#1 – why you want to start a brewery, your brewing experience (if any), how much money you’re going to invest and where, who the ingredients are from, location of the property that will be used for your brewery, what kind of equipment you want/need can get financed or buy outright… *please note* This is not an exhaustive list. Add anything else that feels relevant.
#2 – how to find a good brewmaster, what they can do for you and the brewery if hired, where to find one or how to advertise
#3 – sources of brewing ingredients: hop contact information, malt suppliers/contractors contact information, yeast supplier info… this is important! because you don’t want your beer tasting bad. also list any ideas for new or different ingredients that could be used by BEERS “that are sold as more traditional styles but can be cranked up in terms of flavor.” i.e. using honey instead of crystal sugar in an Irish red ale
#4 – lists with contact info on it that would help run a successful business: government resources (business development services), distributors list (where to find what products), accounting firms, marketing agencies…. Also add more if it’s relevant
#5 – loans you can obtain to start a brewery: Small Business Association, micro-loans, commercial financing, SBA 504 loan program for small businesses… and anything else you can think of
##6 – this is pretty common knowledge but i’m going to re-iterate it anyway. EVERYTHING IS DIFFERENT IN YOUR KITCHEN THAN IN A BREWERY. The same way sewage doesn’t pour into your bathtub at home like it does in the street, the same way your couch isn’t 10 feet tall because you’re sitting on 5″ stilts while watching TV… Your kitchen/house/apartment/whatever is not a brewery. Breweries have to be sterile, they need to lean towards having fewer bacteria than you would find at your house, the risk of contamination must be kept low or things are going to get messed up. You can use a food safety software to help you. If you have a home kitchen (and a lot of people who want to start breweries don’t) then the process is going to be very different. Also, certain things are done at specific temperatures during the brewing process that will not work in your home kitchen!

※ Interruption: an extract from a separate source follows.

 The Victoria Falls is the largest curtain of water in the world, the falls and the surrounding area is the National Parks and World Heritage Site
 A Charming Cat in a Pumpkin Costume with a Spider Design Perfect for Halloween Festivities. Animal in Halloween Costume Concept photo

#7 – Having an accurate scale can make or break your business when it comes time to brew [or sell] beer. I’m not just talking 5 pounds off here, i’m talking within 5 ounces of what your recipe/recipe calls for… You need to get Something You Can Trust (a good scale). Get more than one if you’re doing extract batches and all-grain batches simultaneously. The cheapest option is probably one of those digital bathroom scales real quick.

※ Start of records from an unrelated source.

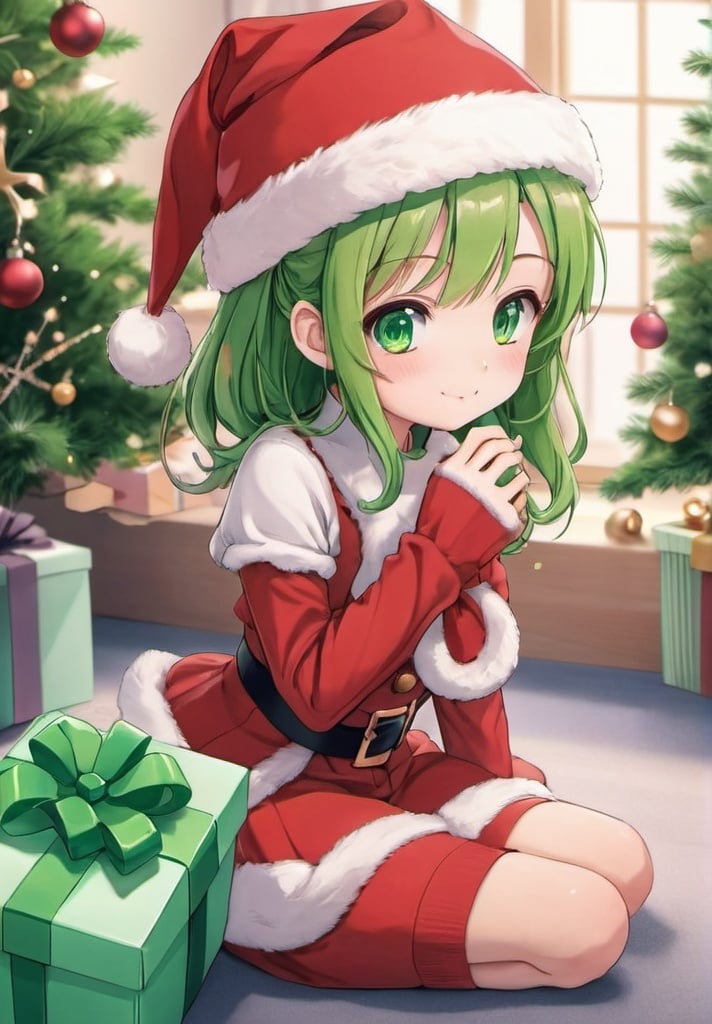 Prompt: A Cute christmas Girl Anime with a green gift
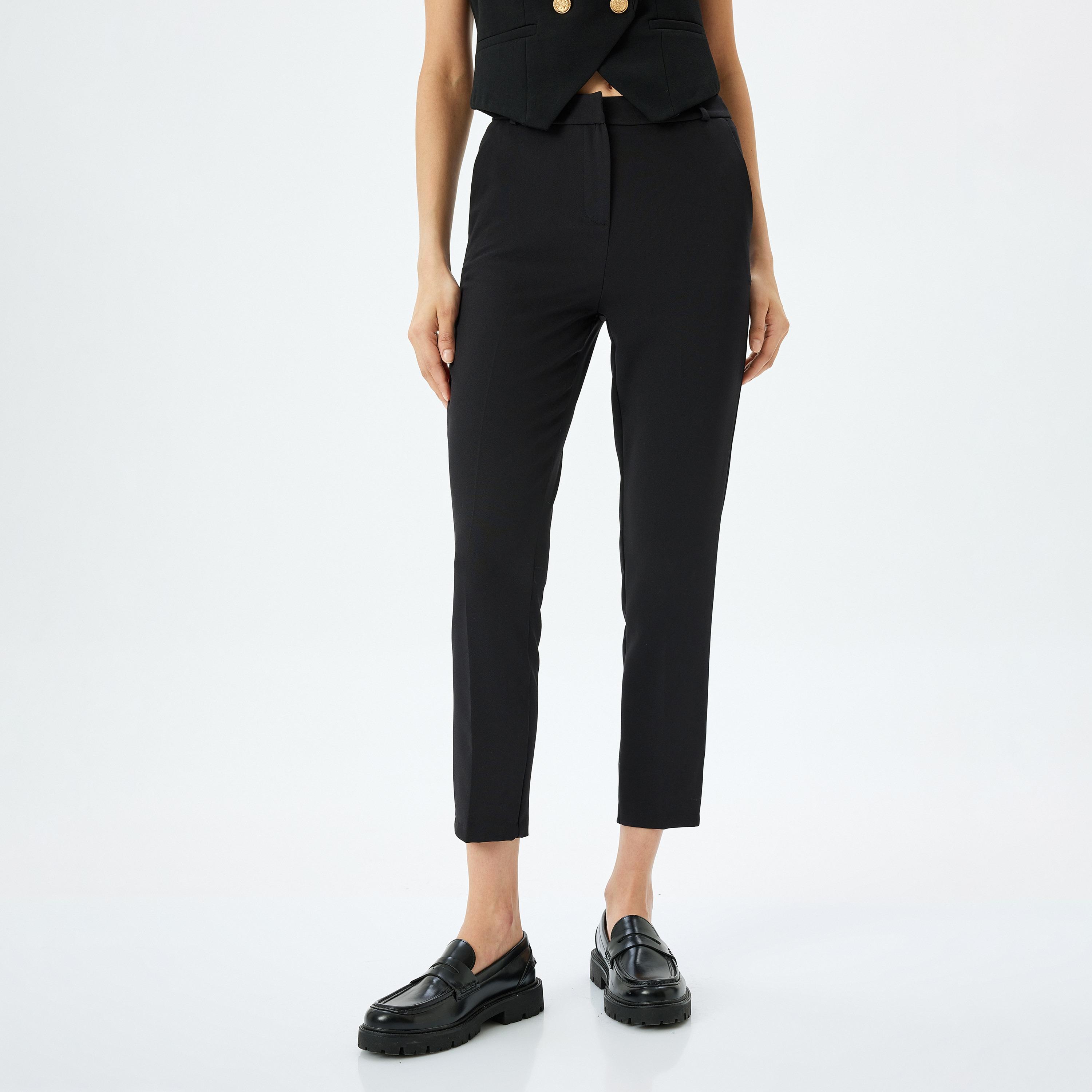 Koton Black Plain Hook Closure Women's Trousers-women-clothing-bottoms-trousers-image-1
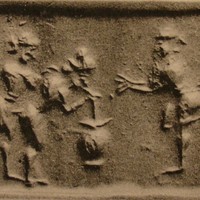 Male and female figures engaged in sexual activity opposite male figure balancing on one leg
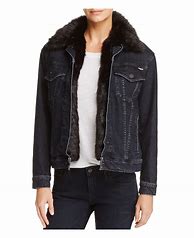 Image result for Fur Lined Black Denim Jacket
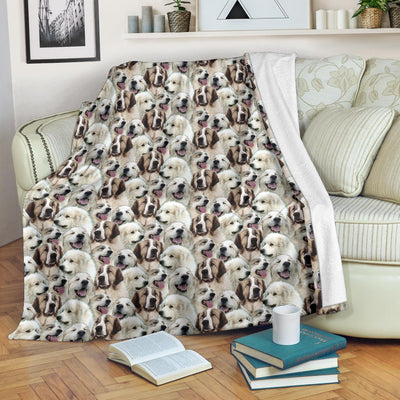 Pyrenean Mastiff Full Face Blanket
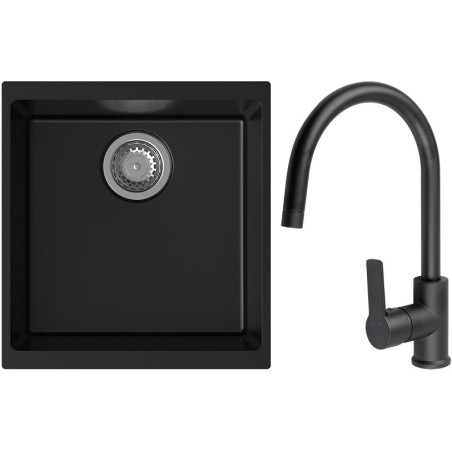 Set StrongSinks S3 (dřez Hron 430 Černá + baterie Loira Černá matná)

#8 – how much money do i need? what should i set aside for insurance, taxes, business permits…. this is another question that is difficult to answer because it highly depends on your area and where you want your brewery located… The costs can vary wildly from region to region, remember! talking about them will help put any cost concerns into perspective. We know someone that got a really well paying yacht job to put enough money aside to open a brewery.
#9 – before we even talk about location of property (or space requirements), know that BREWPUBS are a thing and there are a lot of them out there. Open up your mind to the idea of where and what you want your brewery to be. Being stuck on the image of a small production brewery with no place for visitors is closing yourself off from the potential income that could be made by having other people in the brewery during business hours…
#10 – if you’re not set on being your own boss, brewpubs have much lower startup costs than microbreweries or production breweries do…. that’s an option. This article will focus on starting a microbrewery/production brewery because it requires more planning, research, organization and work.
#11 – location: size requirements (how many square feet does your building need?), address zoning restrictions (are you in an area that allows alcohol production?), look at what your competition is doing/where they’re located (you don’t want to be within 5 minutes of another microbrewery), Get a HACCP plan, if you don’t know the HACCP meaning, you need to get on it as soon as possible.
#12 – space requirements vary widely. It depends on how the brewery will be set up and if it’s a production brewery or not, which i’ll explain why very soon…. The equipment required for a brewpub is much smaller than that needed for even 100 barrels of annual brewing capacity, let alone over 1000+ as some larger breweries have… The size requirement needs to reflect YOUR brewery’s needs, not anyone else’s.
#13 – equipment cost can get expensive, yo! Especially when you start adding extra stuff like: walk-in cooler/freezer, bottling machine, canning line, kegging equipment…. Does your brewery need all that? Maybe. maybe not. if you’re just getting started i’d say don’t get anything you don’t have to (small scale brewers will agree) – a tabletop or benchtop model is probably going to be fine for the first year-ish…
#14 – more equipment=more time and more money. Your brewing process has to stay consistent and it’s hard to do when technology changes every year and newer models are announced (every 3 minutes in some cases). I have no doubt that there is a great deal of pride in owning an older piece of equipment, but this isn’t something you want to take lightly: keeping your brewery equipment up-to-date can ensure smooth production processes.